Что значит "смерть вещи" в понимании двоичного рационального мышления? Это полное отсутствие какого-либо следа этой вещи в оставшемся Целом. Простое её вычитание , "чёрная дыра" в бытии. Так считает человек Запада.
С точки зрения аналогового мышления это всего лишь трансформация вещи в другую, природное волшебство, смысловое оборотничество, оставляющее всё как есть но в немного изменённом виде, Смерть не убавляет (простое вычитание) количества бытия в целом. То что перерождается - не может погибнуть. Жизнь как вечная весна и сказка. Рудиментарная языческая вера в ЧУДЕСНУЮ реальность .Ведь всё связано со всем,. Мир живой . Живое Целое не может лишиться даже своей самой малой органической части. Это будет против всяких законов магического мира сновидений.
Западный человек (человек Диурна) лишь временами входит в мир символического(в логику сновидений) и в эти моменты творит истинные, лучшие свои шедевры (машинное, двоичное мышление не может видеть полноценного эстетического продукта, а только его технический симулякр), но он тут совершенно чужой и с разной степенью осознанности и раздражения понимает это. Зато русский погружён в эти сумеречные миры воображаемого на протяжение всей своей жизни. Отсюда и самоощущение (неадекватное) нашей кажущейся ущербности (по отношению к Западу) и в то же время чувство жалостливого превосходства. Оказаться там, где человек Диурна появляется лишь в редкие мгновенья творческого экстаза - для нас всего лишь быть тем, чем мы всегда являлись для самих себя. Иногда, правда на нас находят приступы экзистанциальной тошноты ("что же это у нас всё не так, как у других, у людей!?"). Но заимствованное бытиё никогда не станет нашим аутентичным, как бы некоторым ни хотелось. Здесь разница сущностная и фатальное непонимание этой разницы выглядит предостерегающе и уже катострофично. (Лакановский девиз "Осторожно, Образ!", как призыв отказаться от разрушающей нас изнутри тенденции всё время "жить в сравнении)

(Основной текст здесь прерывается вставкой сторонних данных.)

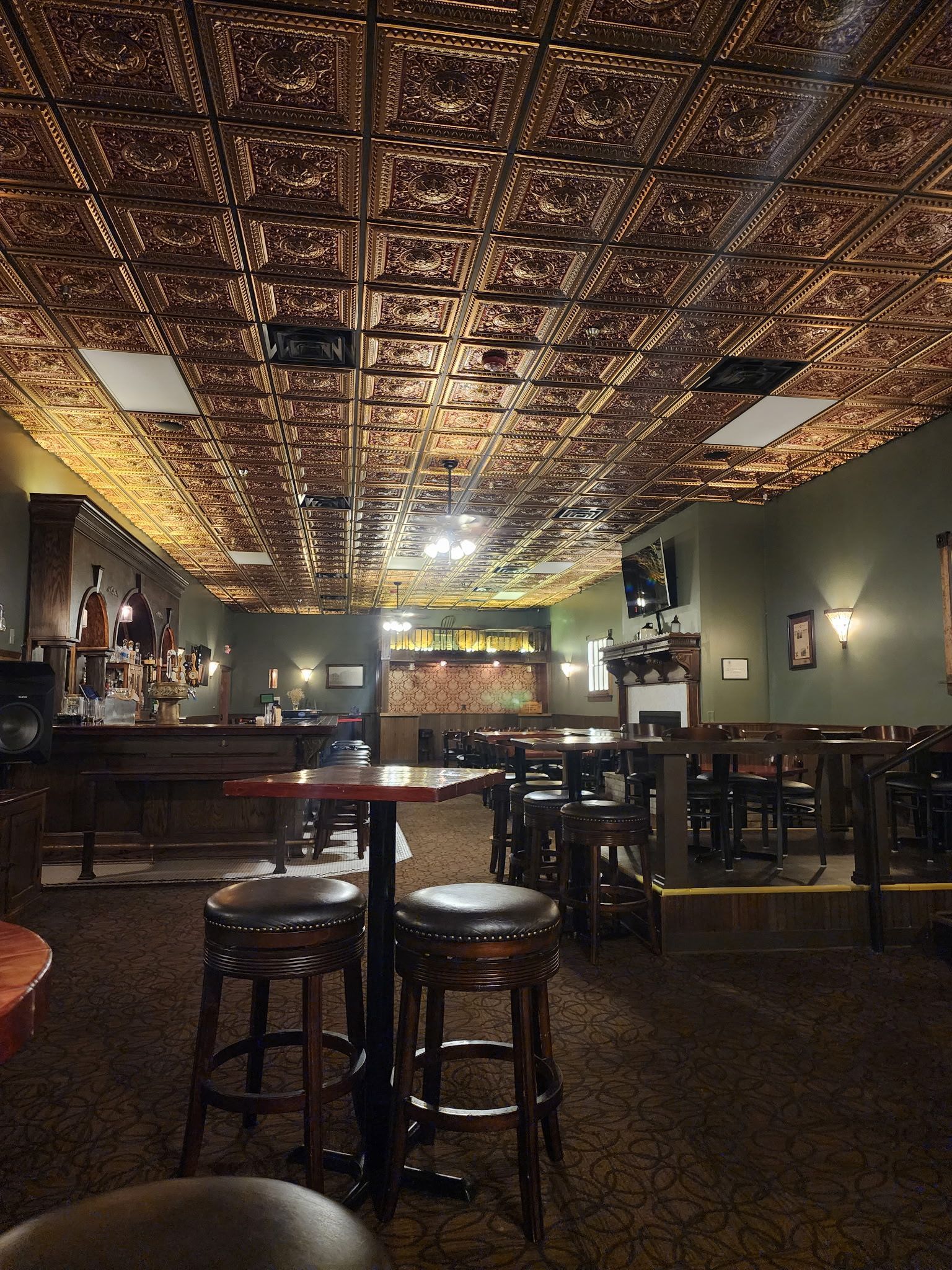 A bar with tables and stools and a copper ceiling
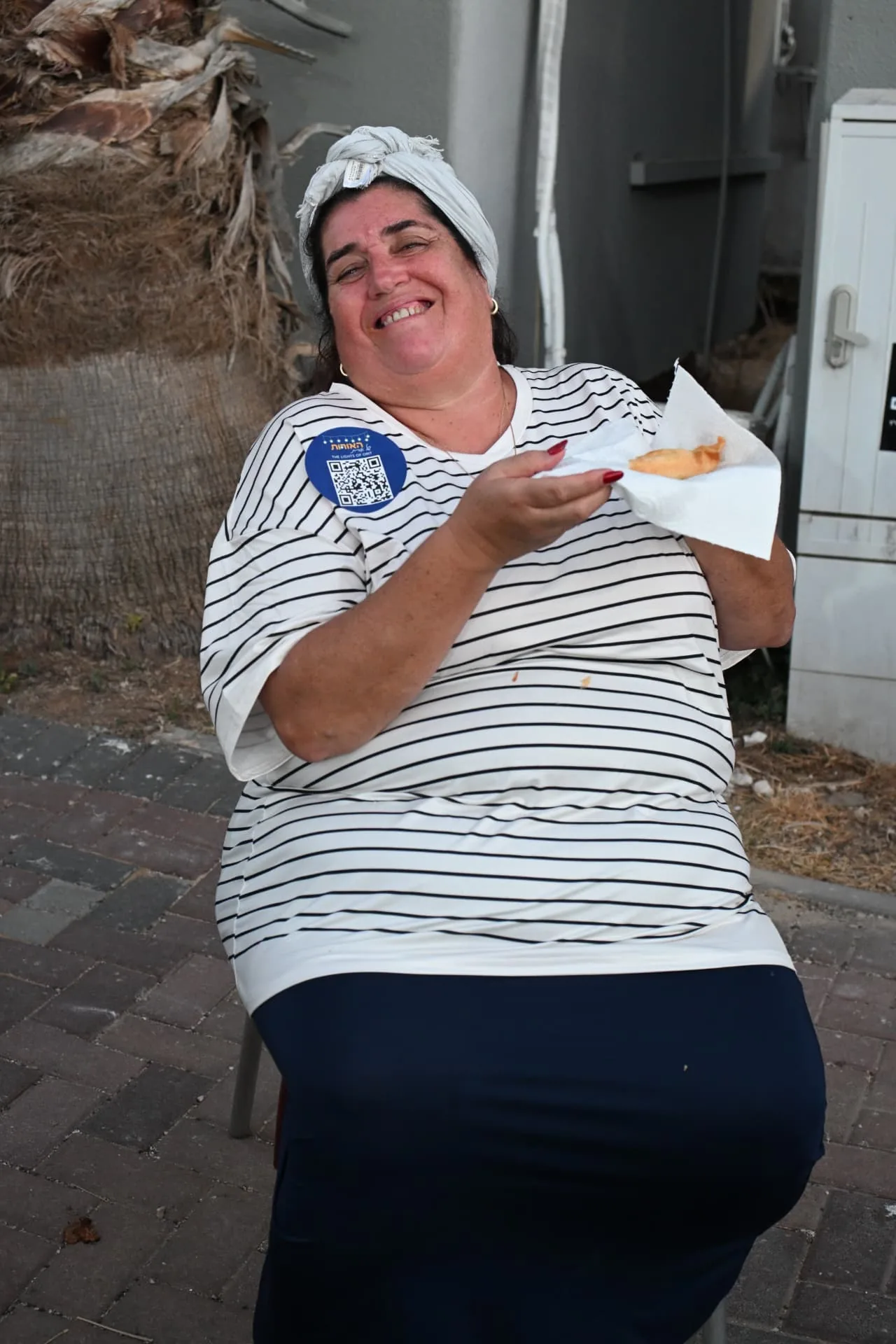 A smiling volunteer taking a break with a fresh doughnut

Если гибель Алёши Поповича в битве на Калке была гибелью богатырского мира.(Первая и последняя гибель Богатыря) , то гибель РУССКОГО МИРА означает окончательное торжество механического начала, прекращение всякого движения символов и именно это застывшее, обездвиженное Ничто станет настоящей смертью. Исчезнет не только всё, что мы называем Исскуство, человеку перестанут сниться сны, как первоисточник всего, что может в нас быть непосредственного, свободного, творческого.
ПОСТКРИПТУМ. "Мы никогда не победим русских, пока не опознаем их метафизическую тайну, и тайна их в том, что они являются землёй будущего. Русские, это непонятая ни нами, ни самими собой земля Будущего" (Мартин Хайдеггер. Записано в 1943 году)
[Скрыть]Регистрационный номер 0502463 выдан для произведения:
ЭПИГРАФ:."Злые люди песен не поют, почему же их поют Русские?"(Ницше)
Когда-то давным давно. классе в 7-м или 8-м, читаая Мэлори, я заметил одно, заинтриговавшее меня отличие западноевропейского мифологического героя от былинного, русского. Все герои европейских преданий гибнут. Гибнет король Артур, гибнет Беовульф, гибнет. несмотря на неуязвимость Зигфрид, гибнут все рыцари-Небелунги. В борьбе с маврами погибает Роланд. Гибнут все герои скандинавских саг. Русские же богатыри бессмертны. Илье Муромцу "смерть в бою не писана". Он умирает, найдя подобающий ему гроб, тогда, когда пришло время умирать. Святогор обратился в гору. Всё происходит с естественной периодичностью: восход - закат. Даже у отрицательных героев какие-то странные, неоднозначные отношения со смертью. Взять того же Кащея. Сова вылетела из разбившегося сундука, из неё выскочил заяц, из зайца утка, из неё выкатилось яёцо, в нём иголка. Короче эта смерть трансформируется, перетекает из одной формы в другую. Смерть тут показана как некий жизнеподобный процесс ( по немецки - ферфаллен зайн ("падающее бытиё")). , в завершение которого сложно поверить, ведь иголка ломается, НО ОСТАЁТСЯ. Кащей не умирает, он как бы растворяется в пульсирующем поле живительной энергии Космоса, чтобы где-то на другом его конце выклюнуться выклюнуться каким-нибудь другим персонажем, уж не обязательно со знаком минус. А что такое два конца сломанной иголки? это ж "два молодца, одинаковых с лица". Так вот, столкнувшись с этой мифоэпической непохожестью, я по-началу считал. что всё дело в этнических особенностях мышления. в том о чём говорил Жильбер Дюран ("Социология Культур"). По его представлениям, мифы Европы это мифы ДИУРНА - дневные солнечные мифы, особенности которых - однонапрвленный вектор борьбы света с тьмою, жизни со смертью, это мифы патриархально-мелитаристские, где положительные и отрицательные характеристики героев жёстко закреплены : доброе-открытое-дневное-объяснимое против злого-потаённого-ночного-двусмысленного. Мужское, как положительное начало против женского, как отрицательно и... побеждённого Культурой. Смерть там однозначно смерть, полное ничто. Наши, восточнославянские мифы это мифы мистического НОКТЮРНА, мифы ночные, где однозначно ничего не определяется (сумерки), где тьма это всего лишь обратная сторона света (мистическая двусмысленность Бытия), жизнь и смерть взаимообратимы и человеческое существование имеет не линейную, а круговую природу (циклическое, замкнутое в окружность время).